Melina’s Status Report for 2/15/2025

EGG Hunt

  • Picked up all hardware components associated with the EGG EG2-PCX from Prof. Helou, along with the corresponding digital user manual
  • This includes a simple microphone which we plan to replace with a more sophisticated microphone

Ground-Truth Research

  • Annotated reading “Results from a pilot longitudinal study of electrolaryngographically derived closed quotient for adult male singers in training” (David Howard)
  • Annotated reading “The Physiology of Vocal Damping: Historical Overview and Descriptive Insights in Professional Singers” (Marco Fantini)
  • Annotated reading “Musical Theater and Opera Singing—Why So
    Different? A Study of Subglottal Pressure, Voice Source, and Formant Frequency Characteristics” (Eva Björkner)
  • Concluded that identifying a “proper” CQ would not be the most appropriate solution approach since the number of years in singing experience and genre would be required for such a metric. This data is limited at this time and would not be reliable for the purposes of our project
    • Because of this we have adjusted our scheduled tasks to reflect this change
      • Understand/identify improper CQ CANCELLED – we want to stray away from defining a universal truth for what a proper CQ is, instead focusing on helping vocalists track and understand their formant tuning
      • Inform about change in CQ ← changed from detect/warn about improper CQ
  • Proposed our project solution approach should shift from warning of “improper” CQ to providing more flexible analysis tools (2) for tracking CQ over time
    • Analysis tool 1: Allowing user to view their CQ at a given moment for a specific recording playback
    • Analysis tool 2: Providing user with a visual representation of an evaluation of their CQ range over time
      • This would be approached by asking the user to record a controlled vocal exercise, such as an octave warmup that covers their tessitura (comfortable vocal range)
      • The CQ ranges for these controlled (constant) exercises can be summarized visually over time as suggested by David Howard’s graph of idealized changes in CQ
    • Proposed our use case and solution approach should shift to focus on advanced vocalists in one genre, opera singers
      • CQ can be significantly more difficult to measure for untrained singers, in fact, David Howard had to completely throw out some data samples from untrained singers due to unreliable CQ measurements
      • Unreliable CQ measurements are detrimental to our project, as an incorrect analysis could mislead a vocalist to make unhealthy decisions
      • CQ has also been found to vary significantly with genre, and as of now, we only have guaranteed access to opera singers
    • Created a ground-truth metric
      • EGG passes calibration test with the laryngeal simulator before and after usage
        • This is handy dandy calibration hardware component that came with the EGG itself thanks to Prof. Helou
      • Use built-in Larynx Tracking & Signal-Strength indicators
      • CQ measurement must be at least 20% to be considered detected

Schedule

  • COMPLETED Acquired sensor
  • COMPLETED Create a “Ground-Truth” metric

My scheduled tasks are on time, and have been slightly adjusted as described above (I will reiterate below)

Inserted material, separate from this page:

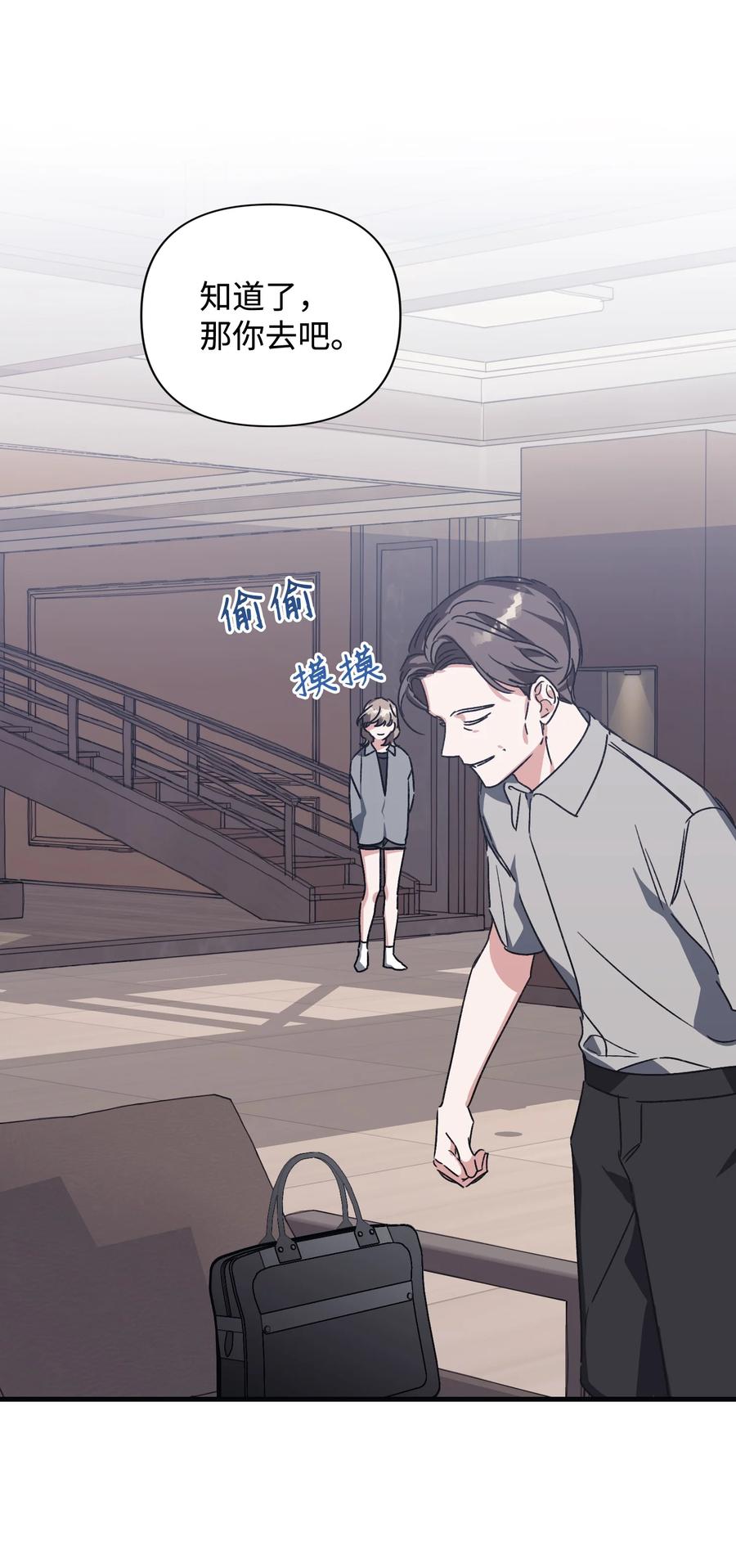 45 回到过去找CD(1/2)-第45话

  • Understand/identify improper CQ CANCELLED – we want to stray away from defining a universal truth for what a proper CQ is, instead focusing on helping vocalists track and understand their formant tuning
  •  Inform about change in CQ ← changed from detect/warn about improper CQ

Next Steps

My goals for this next week include the following deliverables

  • Present Design Review Slides
  • Draft Design Review Report with the team
  • Ensure the team has a repository set up along with agreement on code style/organizational expectations
  • Drafting wireframes for the frontend with feedback from Susanna
  • Draft code for pitch analysis

Tyler’s Status Report for 2/15/2025

So far I have been able to get the electroglottograph to work, as well as learn about the larynx simulator attachment we got. For VoceVista however I am a little worried that once the trial version runs out and I do not input the key in time I will lose any files I upload into VoceVista if I can’t get the software key before the trial runs out. PhaseComp is the backup plan for me to be able to continue using the electroglottograph after the trial runs out and before I get VoceVista purchased.

For the larynx simulator it is able to mimic the larynx vibrations and is quite useful in guaranteeing that our electroglottograph is producing proper data.

Some things I want to focus on are getting feedback on the recordings I upload and understanding how to manipulate the closed quotient physically. I have meetings scheduled with opera singers as well to test out placements of the sensors to get the best data. Another thing I am not unsure of right now is how the microphone is incorporated with the electroglottograph and why it needs to be connected to the electroglottograph.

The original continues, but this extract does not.